Surabaya memiliki luas sekitar
350,54 km² dengan penduduknya berjumlah 2.765.487 jiwa (2010). Daerah
metropolitan Surabaya yaitu Gerbangkertosusila yang berpenduduk sekitar 10
juta jiwa, adalah kawasan metropolitan terbesar kedua di Indonesia setelah Jabodetabek.

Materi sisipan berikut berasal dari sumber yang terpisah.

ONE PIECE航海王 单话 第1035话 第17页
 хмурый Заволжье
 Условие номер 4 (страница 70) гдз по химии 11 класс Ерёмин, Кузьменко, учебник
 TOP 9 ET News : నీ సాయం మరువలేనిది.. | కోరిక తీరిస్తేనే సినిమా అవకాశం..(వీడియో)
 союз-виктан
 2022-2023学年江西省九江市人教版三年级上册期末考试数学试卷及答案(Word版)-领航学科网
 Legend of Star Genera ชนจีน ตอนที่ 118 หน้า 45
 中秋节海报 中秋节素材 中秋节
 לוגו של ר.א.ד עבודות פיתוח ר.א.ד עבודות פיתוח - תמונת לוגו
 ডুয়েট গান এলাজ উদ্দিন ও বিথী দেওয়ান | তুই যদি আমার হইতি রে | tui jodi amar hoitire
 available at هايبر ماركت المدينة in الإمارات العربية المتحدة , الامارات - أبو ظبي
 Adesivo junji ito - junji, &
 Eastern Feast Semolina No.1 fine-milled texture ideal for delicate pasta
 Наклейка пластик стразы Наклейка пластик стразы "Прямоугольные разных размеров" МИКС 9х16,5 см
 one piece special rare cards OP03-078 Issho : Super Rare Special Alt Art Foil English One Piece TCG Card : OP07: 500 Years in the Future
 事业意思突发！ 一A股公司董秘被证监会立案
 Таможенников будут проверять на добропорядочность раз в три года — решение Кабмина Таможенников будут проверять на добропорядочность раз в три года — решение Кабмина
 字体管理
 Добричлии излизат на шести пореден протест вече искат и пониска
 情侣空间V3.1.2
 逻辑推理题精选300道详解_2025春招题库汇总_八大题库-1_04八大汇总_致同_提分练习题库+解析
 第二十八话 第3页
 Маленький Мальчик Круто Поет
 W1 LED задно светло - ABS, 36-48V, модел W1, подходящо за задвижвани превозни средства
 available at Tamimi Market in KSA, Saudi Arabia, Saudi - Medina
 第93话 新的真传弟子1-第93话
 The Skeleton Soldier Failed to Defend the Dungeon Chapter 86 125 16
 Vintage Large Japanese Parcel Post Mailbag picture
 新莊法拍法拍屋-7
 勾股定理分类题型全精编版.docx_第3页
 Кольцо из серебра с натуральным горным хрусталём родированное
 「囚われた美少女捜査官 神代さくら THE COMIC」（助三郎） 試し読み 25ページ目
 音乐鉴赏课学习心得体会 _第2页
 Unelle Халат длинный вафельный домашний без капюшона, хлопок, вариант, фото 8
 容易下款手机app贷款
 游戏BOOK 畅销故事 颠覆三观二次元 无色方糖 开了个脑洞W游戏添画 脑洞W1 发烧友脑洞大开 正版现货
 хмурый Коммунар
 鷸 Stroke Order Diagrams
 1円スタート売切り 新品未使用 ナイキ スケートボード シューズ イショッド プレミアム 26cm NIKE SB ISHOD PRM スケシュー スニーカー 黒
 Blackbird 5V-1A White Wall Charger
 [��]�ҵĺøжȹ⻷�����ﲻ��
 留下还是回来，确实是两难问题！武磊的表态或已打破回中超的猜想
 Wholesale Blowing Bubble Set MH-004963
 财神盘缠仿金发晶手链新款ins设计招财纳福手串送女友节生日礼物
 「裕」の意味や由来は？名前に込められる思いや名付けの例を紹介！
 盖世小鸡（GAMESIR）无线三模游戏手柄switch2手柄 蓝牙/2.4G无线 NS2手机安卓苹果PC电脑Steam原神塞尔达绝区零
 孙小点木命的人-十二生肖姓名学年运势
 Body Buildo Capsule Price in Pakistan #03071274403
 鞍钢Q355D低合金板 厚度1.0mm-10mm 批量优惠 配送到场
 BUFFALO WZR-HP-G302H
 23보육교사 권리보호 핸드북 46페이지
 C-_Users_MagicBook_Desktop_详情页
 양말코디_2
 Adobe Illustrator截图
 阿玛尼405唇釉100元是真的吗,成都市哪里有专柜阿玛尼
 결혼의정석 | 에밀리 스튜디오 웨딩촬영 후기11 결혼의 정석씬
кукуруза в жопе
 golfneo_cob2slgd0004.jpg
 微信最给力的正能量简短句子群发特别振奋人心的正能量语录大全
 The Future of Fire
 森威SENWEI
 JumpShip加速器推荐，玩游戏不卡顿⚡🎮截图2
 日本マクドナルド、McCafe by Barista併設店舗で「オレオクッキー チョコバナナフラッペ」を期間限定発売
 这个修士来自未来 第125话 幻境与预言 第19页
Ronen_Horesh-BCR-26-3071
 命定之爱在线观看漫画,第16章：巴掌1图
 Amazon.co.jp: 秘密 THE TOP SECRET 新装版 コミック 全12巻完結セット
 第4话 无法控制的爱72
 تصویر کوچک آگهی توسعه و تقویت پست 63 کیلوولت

Surabaya dilayani oleh sebuah bandar udara,
yakni Bandar Udara Internasional Juanda,
serta dua pelabuhan,
yakni Pelabuhan Tanjung Perak dan Pelabuhan
Ujung.
Surabaya terkenal dengan sebutan
Kota Pahlawan karena sejarahnya yang sangat diperhitungkan
dalam perjuangan Arek-Arek Suroboyo (Pemuda-Pemuda Surabaya) untuk
mempertahankan kemerdekaan bangsa Indonesia dari penjajah.
Etimologi
Kata Surabaya (bahasa Jawa Kuna: Śūrabhaya) sering
diartikan secara filosofis sebagai lambang perjuangan antara darat dan air.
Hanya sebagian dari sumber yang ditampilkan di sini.